Inheritance Tax payments come from funds in the estate of the deceased person. The death duties get paid to HM Revenue and Customs (HMRC).
The 'executor' would deal with a deceased person's estate if a Last Will and Testament exists.
Inheritance Tax Passing on a Home
Inheritance Tax rules allow you to pass a home to your spouse (husband or wife) or your civil partner when you die. In this case, there would be no death duty to pay.
But, leaving your home to another person (such as in your will) means it would count towards the value of your estate.
Owning your own home (or a share in it) gives you the option to increase your tax-free threshold to £500,000. It only works if:
You leave the property to your children or grandchildren (includes adopted, foster, or stepchildren).
The total value of your estate is less than £2 million.
Giving Away a Home before Death
As a rule, Inheritance Tax rates do not apply if you move out of the home and live for at least another seven (7) years. But, the only way to continue living in your property after giving it away, is to:
Make rental payments to the new property owner at the going rate (i.e. similar rental homes in the area).
Pay for your share of the utility bills.
Live in the property for at least seven (7) years.
There would be no need to pay rent to the new owners of the property if these apply (both):
You gave away only a part of your property.
The new homeowners also live at the same property.
Dying within 7 Years The rules on Inheritance Tax change if you were to die within the seven year period. The rule applies no matter whether you give it all away or only part of it. In this case, HMRC would treat the home as a gift and so the 7 year Inheritance Tax gift rule would then apply (see below).
Gifts and Taper Relief
As a rule, there would be no Inheritance Tax to pay on small gifts (also called exempted gifts).

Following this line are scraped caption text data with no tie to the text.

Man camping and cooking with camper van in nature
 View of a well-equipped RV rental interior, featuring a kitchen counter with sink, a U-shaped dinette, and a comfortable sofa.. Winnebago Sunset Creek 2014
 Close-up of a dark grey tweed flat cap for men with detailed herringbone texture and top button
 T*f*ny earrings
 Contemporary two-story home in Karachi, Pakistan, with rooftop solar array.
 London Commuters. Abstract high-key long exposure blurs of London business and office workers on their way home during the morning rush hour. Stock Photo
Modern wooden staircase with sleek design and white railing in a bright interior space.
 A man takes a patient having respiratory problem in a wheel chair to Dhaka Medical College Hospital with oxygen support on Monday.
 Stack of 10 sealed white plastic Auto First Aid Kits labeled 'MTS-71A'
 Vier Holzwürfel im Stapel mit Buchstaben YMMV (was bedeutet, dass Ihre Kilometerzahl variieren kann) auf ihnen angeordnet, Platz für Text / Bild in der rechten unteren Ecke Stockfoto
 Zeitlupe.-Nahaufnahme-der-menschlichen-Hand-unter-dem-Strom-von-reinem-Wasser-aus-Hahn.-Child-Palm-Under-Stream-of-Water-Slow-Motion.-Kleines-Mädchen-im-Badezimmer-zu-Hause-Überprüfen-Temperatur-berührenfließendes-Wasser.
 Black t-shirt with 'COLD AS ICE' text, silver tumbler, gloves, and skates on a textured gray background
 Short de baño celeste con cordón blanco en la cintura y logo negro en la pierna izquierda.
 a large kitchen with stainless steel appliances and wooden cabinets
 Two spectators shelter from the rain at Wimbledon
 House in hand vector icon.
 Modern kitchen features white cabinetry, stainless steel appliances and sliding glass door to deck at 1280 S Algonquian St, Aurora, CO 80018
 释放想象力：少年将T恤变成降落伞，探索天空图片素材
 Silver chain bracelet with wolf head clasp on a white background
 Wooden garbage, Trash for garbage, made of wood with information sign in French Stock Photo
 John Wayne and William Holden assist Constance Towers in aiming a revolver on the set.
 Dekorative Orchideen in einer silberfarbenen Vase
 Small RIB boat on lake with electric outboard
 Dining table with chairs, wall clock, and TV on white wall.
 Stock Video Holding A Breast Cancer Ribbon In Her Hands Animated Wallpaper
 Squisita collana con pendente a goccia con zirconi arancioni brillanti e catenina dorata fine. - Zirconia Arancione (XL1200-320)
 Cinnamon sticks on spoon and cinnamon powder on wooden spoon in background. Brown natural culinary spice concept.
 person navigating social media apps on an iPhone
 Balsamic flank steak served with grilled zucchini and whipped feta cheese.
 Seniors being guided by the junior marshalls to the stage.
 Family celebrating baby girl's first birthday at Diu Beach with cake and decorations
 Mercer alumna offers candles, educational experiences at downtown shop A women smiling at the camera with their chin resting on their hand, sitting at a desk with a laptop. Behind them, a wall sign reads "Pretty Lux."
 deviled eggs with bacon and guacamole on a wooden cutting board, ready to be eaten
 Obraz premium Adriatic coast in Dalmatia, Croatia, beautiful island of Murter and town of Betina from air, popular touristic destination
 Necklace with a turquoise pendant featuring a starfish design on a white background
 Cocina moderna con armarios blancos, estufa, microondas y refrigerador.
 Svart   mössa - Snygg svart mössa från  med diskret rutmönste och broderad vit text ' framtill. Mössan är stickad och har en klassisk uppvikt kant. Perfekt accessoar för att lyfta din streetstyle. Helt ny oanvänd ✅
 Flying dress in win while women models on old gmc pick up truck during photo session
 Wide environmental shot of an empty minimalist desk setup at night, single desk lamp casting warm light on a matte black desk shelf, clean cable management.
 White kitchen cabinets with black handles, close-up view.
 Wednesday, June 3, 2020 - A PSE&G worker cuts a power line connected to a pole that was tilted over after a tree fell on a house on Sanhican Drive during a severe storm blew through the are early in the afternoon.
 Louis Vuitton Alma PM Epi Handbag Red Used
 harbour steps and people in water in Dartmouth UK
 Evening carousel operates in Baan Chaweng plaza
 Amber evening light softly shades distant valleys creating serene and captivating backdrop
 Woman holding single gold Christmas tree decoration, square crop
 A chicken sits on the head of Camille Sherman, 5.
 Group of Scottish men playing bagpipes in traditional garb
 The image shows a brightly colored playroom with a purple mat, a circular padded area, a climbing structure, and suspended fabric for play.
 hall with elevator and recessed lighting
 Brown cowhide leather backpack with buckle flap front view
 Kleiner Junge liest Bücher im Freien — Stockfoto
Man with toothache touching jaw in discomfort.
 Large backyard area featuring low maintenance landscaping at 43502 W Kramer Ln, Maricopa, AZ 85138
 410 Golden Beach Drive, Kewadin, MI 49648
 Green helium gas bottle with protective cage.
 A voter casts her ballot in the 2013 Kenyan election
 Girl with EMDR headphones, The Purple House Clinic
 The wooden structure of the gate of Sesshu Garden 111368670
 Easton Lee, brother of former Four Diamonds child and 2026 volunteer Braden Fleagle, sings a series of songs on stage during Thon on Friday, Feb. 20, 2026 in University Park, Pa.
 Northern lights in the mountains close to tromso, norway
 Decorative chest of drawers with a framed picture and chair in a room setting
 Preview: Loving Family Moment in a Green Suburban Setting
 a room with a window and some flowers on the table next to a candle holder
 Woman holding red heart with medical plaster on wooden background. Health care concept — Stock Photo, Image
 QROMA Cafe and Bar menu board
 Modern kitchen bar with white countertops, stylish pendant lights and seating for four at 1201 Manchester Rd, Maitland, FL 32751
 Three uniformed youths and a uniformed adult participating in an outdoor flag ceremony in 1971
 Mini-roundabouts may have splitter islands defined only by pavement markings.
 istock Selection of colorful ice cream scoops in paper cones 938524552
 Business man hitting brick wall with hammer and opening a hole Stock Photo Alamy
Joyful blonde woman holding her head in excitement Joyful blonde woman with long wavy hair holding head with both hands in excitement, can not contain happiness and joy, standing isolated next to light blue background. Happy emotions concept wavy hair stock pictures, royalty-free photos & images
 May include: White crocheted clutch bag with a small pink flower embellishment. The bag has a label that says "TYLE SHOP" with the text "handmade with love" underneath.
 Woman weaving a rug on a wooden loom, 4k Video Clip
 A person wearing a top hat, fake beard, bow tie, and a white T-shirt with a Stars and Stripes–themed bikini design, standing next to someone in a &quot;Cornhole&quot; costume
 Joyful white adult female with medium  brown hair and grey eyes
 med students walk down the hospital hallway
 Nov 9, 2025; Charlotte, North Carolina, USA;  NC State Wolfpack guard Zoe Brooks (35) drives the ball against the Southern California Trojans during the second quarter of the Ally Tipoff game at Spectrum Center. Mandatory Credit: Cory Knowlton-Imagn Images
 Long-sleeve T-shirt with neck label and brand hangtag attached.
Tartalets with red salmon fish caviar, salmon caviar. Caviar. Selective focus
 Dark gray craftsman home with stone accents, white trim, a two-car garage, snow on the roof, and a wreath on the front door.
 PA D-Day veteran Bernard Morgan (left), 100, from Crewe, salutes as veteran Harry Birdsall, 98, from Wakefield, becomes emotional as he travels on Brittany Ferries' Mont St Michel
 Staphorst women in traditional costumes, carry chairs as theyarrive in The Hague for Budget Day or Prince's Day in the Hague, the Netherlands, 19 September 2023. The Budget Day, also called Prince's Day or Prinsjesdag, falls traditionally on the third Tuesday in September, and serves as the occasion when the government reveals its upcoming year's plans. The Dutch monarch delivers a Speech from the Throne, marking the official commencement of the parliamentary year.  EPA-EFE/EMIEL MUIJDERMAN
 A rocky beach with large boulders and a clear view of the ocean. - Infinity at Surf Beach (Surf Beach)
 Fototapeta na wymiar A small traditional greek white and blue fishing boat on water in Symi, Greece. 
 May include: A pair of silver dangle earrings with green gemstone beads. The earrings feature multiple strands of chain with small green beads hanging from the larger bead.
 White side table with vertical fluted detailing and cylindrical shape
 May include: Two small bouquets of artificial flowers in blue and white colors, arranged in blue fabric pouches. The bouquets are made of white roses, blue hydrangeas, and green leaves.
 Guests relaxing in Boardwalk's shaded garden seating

Typical examples include Christmas gifts and birthday presents from normal income. The same applies to gifts between spouses or civil partners. Providing they live in the United Kingdom 'permanently', you can give them as much as you want to during your lifetime. But, certain other gifts can count towards the value of someone's estate.
Giving away more than £325,000 during the previous 7 years before your death means the recipients will get charged Inheritance Tax.
Annual Exemption and Exempted Gifts You can give away gifts each tax year up to the value of £3,000. Your 'annual exemption' means they would not get added to the value of the estate.
Any unused annual exemption can get carried forward to the next year. But, it can only happen for one year.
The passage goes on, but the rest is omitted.